My three hammer builds are completed. The 59 will be shipped when payment and logistics are taken care of. The 75 is a standard configuration and it is ready to go to ABANA. Ditto the custom 100 with my new version of steam hammer valving. It will sit beside the 75 at ABANA so that interested blacksmiths can try them both in treadle hammer mode. Yesterday I made sure that lights and tires on the trailer are properly prepared. Monday I take it to a shop for brake and bearing work as needed. Today I had the Mitsubishi short masted forklift hauled home and set on the concrete apron of the new shop building there. I used it to extricate and load the 5 hp Quincy air compressor, which I took to the commercial shop for testing and clean up. It ran all three hammers separately quite well. One aspect of the 100's in-flow throttling is that it uses less air pressure to run.

John Larson


I heat treated one hammer's wedges and then had to give back an extension cord to my electric oven. Will do another set similarly tomorrow.
Today was special. I finished the 75's punch list--it was really short. Then started fussing with the new style 199. Hey, it seems to work as planned (with the treadle) and tested (with hand controls) about a week ago. What this means is that I freed up a lot of time set aside for fussing with the 100. I got a new printer for the computer room, got a new tire for the trailer, and took off a bit early from the shop.

John Larson


I completed the new 50 today, working a so-called punch list of things I wanted to make right before shipment. The die faces did not align quite right. So I machined the anvil-capping plate at an angle to correct the misalignment. I do this on occasion, but not always. I then disassembled the cabinet. I took out the tup-cylinder assembly, took it apart, and shortened the tube 5/16" so that the tube top cannot contact the upper hose. I also shortened the linear cam 1/2". Then it was put back together. I massaged the bottom of the driver side V-guide so that the upper die wedge had good clearance. A longer cam for the Humphrey valve was made to allow a faster tup-up-at-idle speed.

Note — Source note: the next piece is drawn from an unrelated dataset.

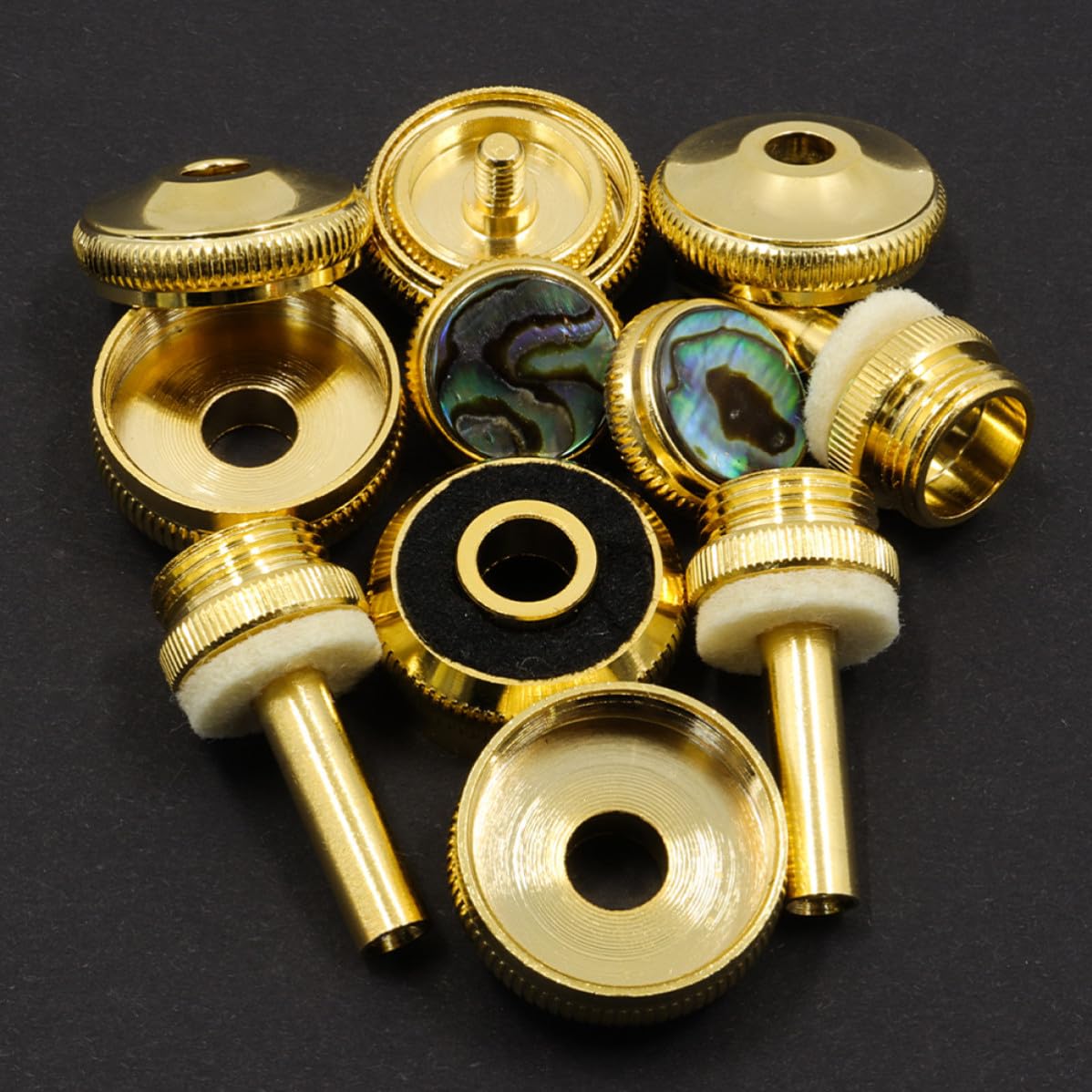 Botones de Pistón de Trompeta Dorados, 1 Juego de Metal | Piezas para Trompeta, Estilo Elegante, Respuesta Precisa y Mejor Fluidez al Tocar, para Músico de Trompeta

Tomorrow I will examine the 75 and make it show ready. I hope to get some time in on the 100, too.

John Larson


Nose to the grindstone today, but I only got close to finishing the 50. Tomorrow for sure. I cut the dovetail slots for the upper and lower dies, made the 4140 wedges, finessed the thickness of the bottom die block to obtain the 9" air space between the dies (maximum), Made the dovetail pin for the sow block, plus its wedge. Made the plate for capping the anvil on which the sow block octagon is bolted. made the octagon and the bottom die receiver block. Welded them together once the block's thickness was finessed.